Crawl budget is a concept that is often misunderstood and commonly discussed in SEO and digital marketing communities.
Most people tend to think that it’s some sort of magical thing you can use to “hack” your way up to Google’s top results.
Despite all the content written about how search engines work in general – and the crawling process in particular – it seems like marketers and webmasters are still confused about the idea of crawl budget.
There’s an evident lack of understanding about the fundamentals of search engines and how the search process works.

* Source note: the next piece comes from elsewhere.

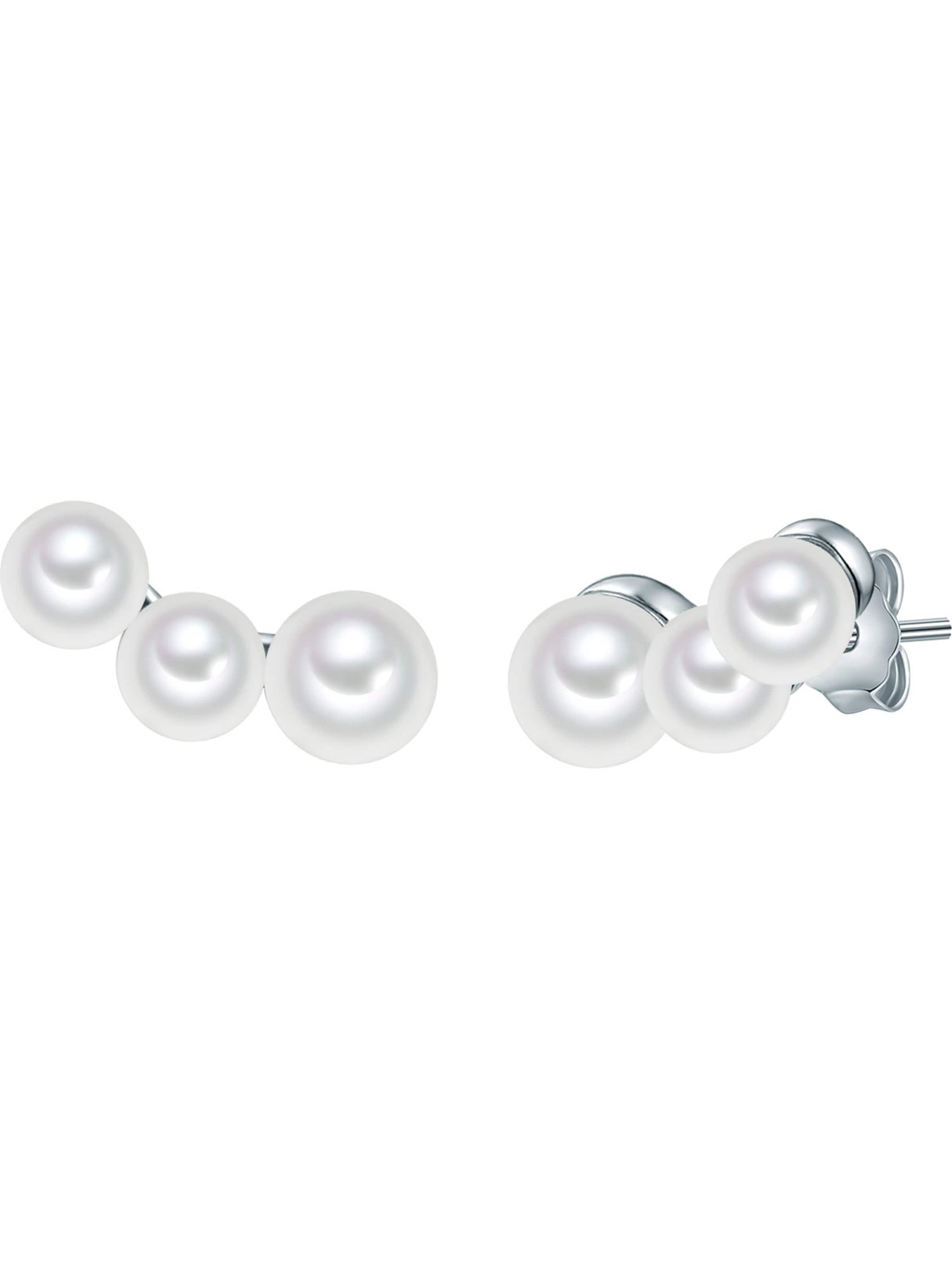 Valero Pearls Náušnice – bílá: přední strana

This phenomenon creates confusion and normally leads to what business people call the “shiny object syndrome” that basically implies that without an understanding of the fundamentals marketers are less capable of discernment, therefore they blindly follow anyone’s advice
This article will teach you the fundamentals of crawling and how to use them to identify whether “crawl budget” is something you should care about, and if it’s actually something important for your business/site.
You’ll learn the following:
- How search engines work (a brief introduction).
- How does crawling work?
- What is crawl budget and how does it work?
- How to track and optimize it.
- The future of crawling.
Let’s get started.
Before we dig deeper into the concept of crawl budget and its implications, it is important to understand how the crawling process works and what does it mean for search engines.
How Search Engines Work
According to Google, there are three basic steps the search engine follows to generate results from webpages:
- Crawling: Web Crawlers access publicly available webpages
- Indexing: Google analyzes the content of each page and stores information it finds.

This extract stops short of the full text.